Any ideas about why it's not producing output? A bash script can echo text to standard out just fine.
When I run the script in debug mode it does print output.
After executing perl -v at the command line the exit code from $? was 0.
Executing
perl -e'print "foo" or die $!'
gave and exit code of 9, but that appears to be due to the die. perl -v > file did not write anything to file.
Here is the output of stat STDOUT and the command used to write it to a file:
45826|261126|33188|1|1001|1004|0|0|1461024408|1461035504|1461035504|4096|0
perl -e 'open my $FH, ">file"; print $FH join "|", stat STDOUT '

Before starting reading have a look at the output of this command. Everything is pointing to STDOUT pointing to the incorrect place.
ls -l /proc/$$/fd/{1,2}
On my system I get this, note it does change as I write this because this was not written in one go.
lrwx------ 1 root root 64 May 3 17:01 /proc/27806/fd/1 -> /dev/pts/1
lrwx------ 1 root root 64 May 3 17:01 /proc/27806/fd/2 -> /dev/pts/1
I suspect the above to be similar for you.

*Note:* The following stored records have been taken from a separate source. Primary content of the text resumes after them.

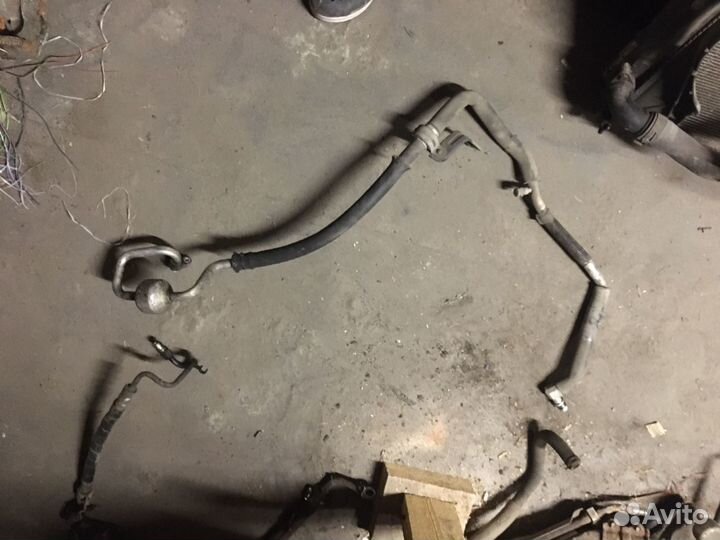 Трубка кондиционера маленькая Lexus RX350, 2008г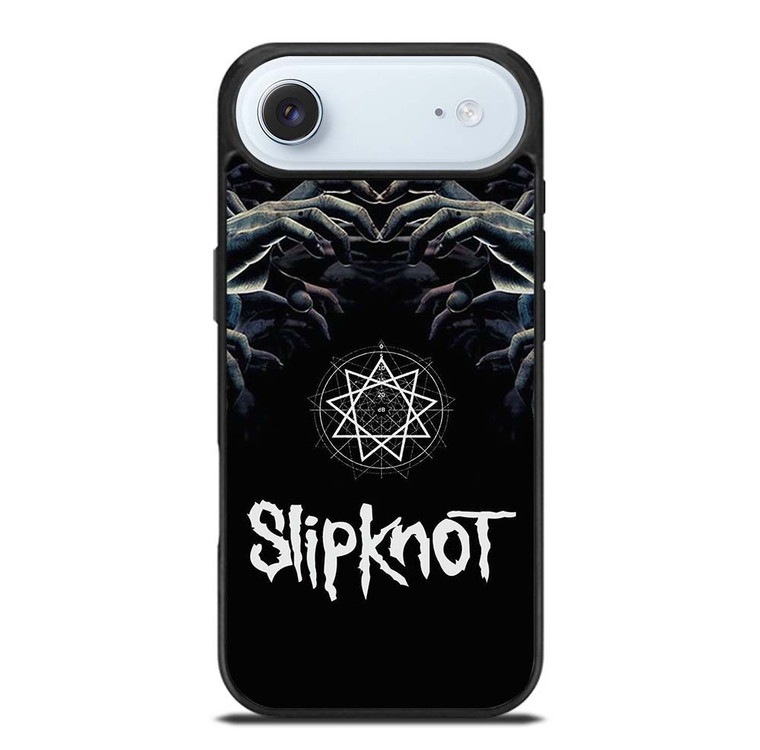 SLIPKNOT BAND LOGO iPhone Air Case Cover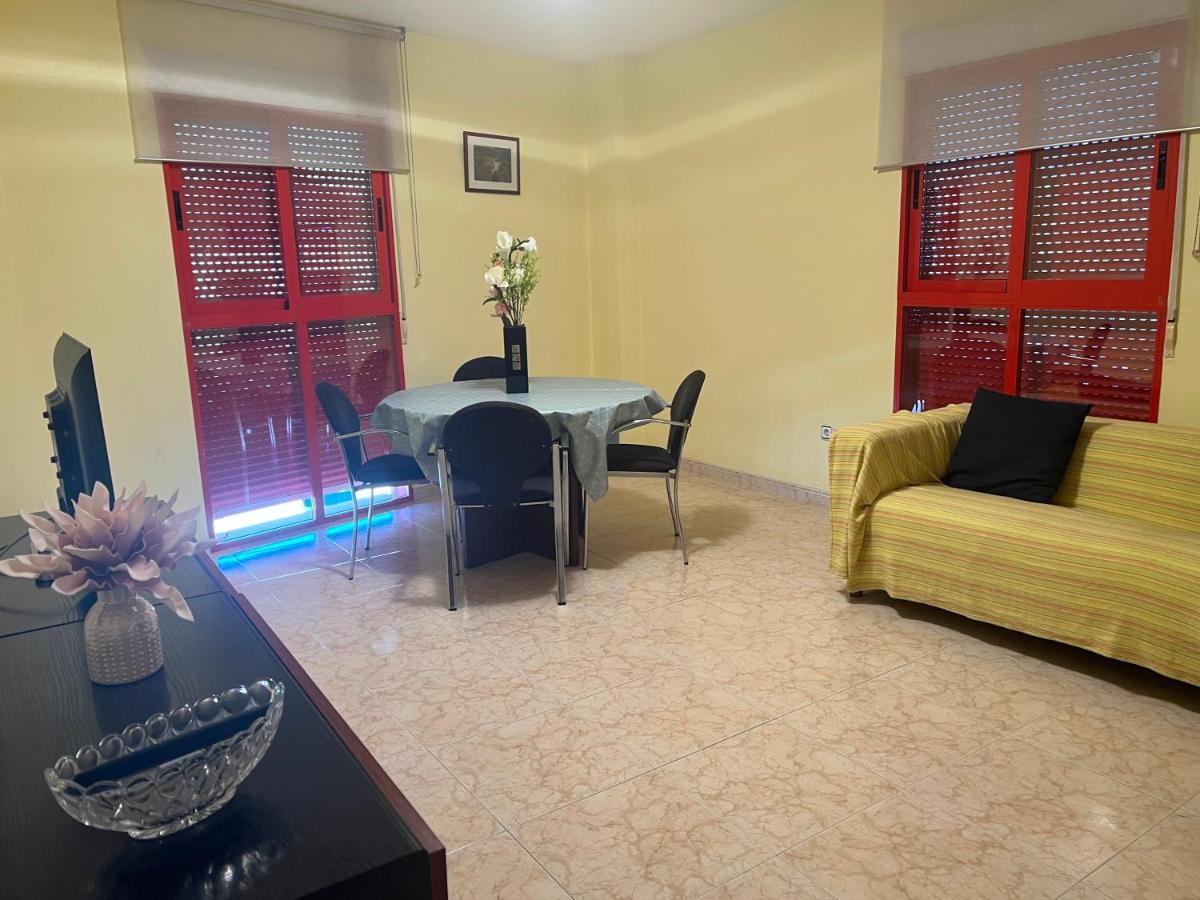 Romi Centro Tu Alojamiento En Teulada Extérieur photo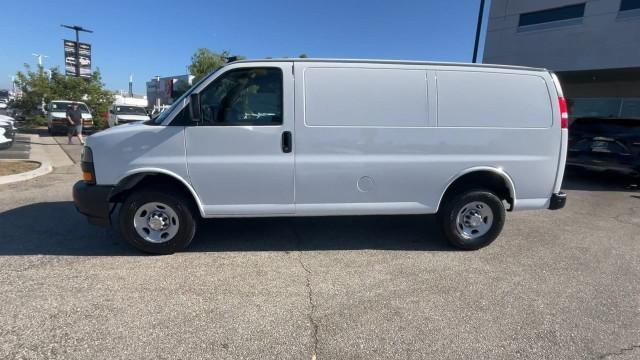 new 2024 Chevrolet Express 2500 car, priced at $47,828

The stat looks suspicious to me, if I had access to the filesytem I'd search for the inode that it's telling me its writing to ie.
sudo find / -printf "%i:\t%p\n"|grep 261126
If when Perl starts it's changing it's stdout etc to the wrong place I'd add a very long sleep to the script then do the search to see where it is. If the file is a regular file and it's on the filesystem this should find it.
My stat on STDOUT
|dev |inode |mode |link |uid |gid |rdev |size |atime |mtime |ctime |blk |blka
|13 |3 |8592 |1 |1000|5 |34816|0 |1462301986|1462301986|1462301958|1024|0
Your stat on STDOUT
|dev |inode |mode |link |uid |gid |rdev |size |atime |mtime |ctime |blk |blka
|45826 |261126 |33188 |1 |1001|1004|0 |0 |1461024408|1461035504|1461035504|4096|0
On mine my dev has minor number 13 and looks ok when I search for it under devices. If we mask yours off to show major/minor you have...
major == 179
minor == 2
Note, I originally had these in reverse until corrected by Wumpus Q. Wumbley.
On my machine this is
crw------- 1 root root 2, 179 Apr 29 12:50 ptya3
On mine my rdev equates to
major == 136
minor == 0
On my Debian system this is /dev/pts/0. Your rdev is 0. I had a quick look round and some people using screen can have problems with /dev/pts/N ie it's not there but that's me guessing.
The strace is also really odd, I got the following lines when it wrote on my system:
read(3, "#!/usr/bin/perl -w\n#use strict;\n"..., 8192) = 228
read(3, "", 8192) = 0
close(3) = 0
write(1, "Here's some text STDOUT\n", 24Here's some text STDOUT
) = 24
write(2, "Here's some text STDERR\n", 24Here's some text STDERR
) = 24
write(1, "Here's some text STDOUT\n", 24Here's some text STDOUT
) = 24
The fact that these appear no where in your strace is very strange indeed. You can change where the appear by messing around with $| but they should appear somewhere. Gilles noticed that the mode is also odd. If you run this script...
#!/usr/bin/perl
use warnings;
use strict;
use Fcntl ':mode';
my $mode = 33188;
my $user_rwx = ($mode & S_IRWXU) >> 6;
print("user_rwx = $user_rwx\n");
my $group_read = ($mode & S_IRGRP) >> 3;
print("group_read = $group_read\n");
my $other_execute = $mode & S_IXOTH;
print("other_execute = $other_execute\n");
printf "Permissions are %04o\n", S_IMODE($mode), "\n";
my $is_setuid = $mode & S_ISUID;
print("is_setuid = $is_setuid\n");
my $is_directory = S_ISDIR($mode);
print("dir = $is_directory\n");
my $is_reg = S_ISREG($mode);
print("regular = $is_reg\n");
You can see that STDOUT appears to be pointing at a regular file. This would confirm why rdev is zero ie if stdout was redirecting to something that was meant to be a device but actually was just a normal file. I've seen odd things like that happen in chrooted environments where devices were not setup properly.
Regardless of buffering being on or off on exit the buffers should have have been flushed ie you would see calls to the write sys call. It's really weird that there are no writes at all in the strace.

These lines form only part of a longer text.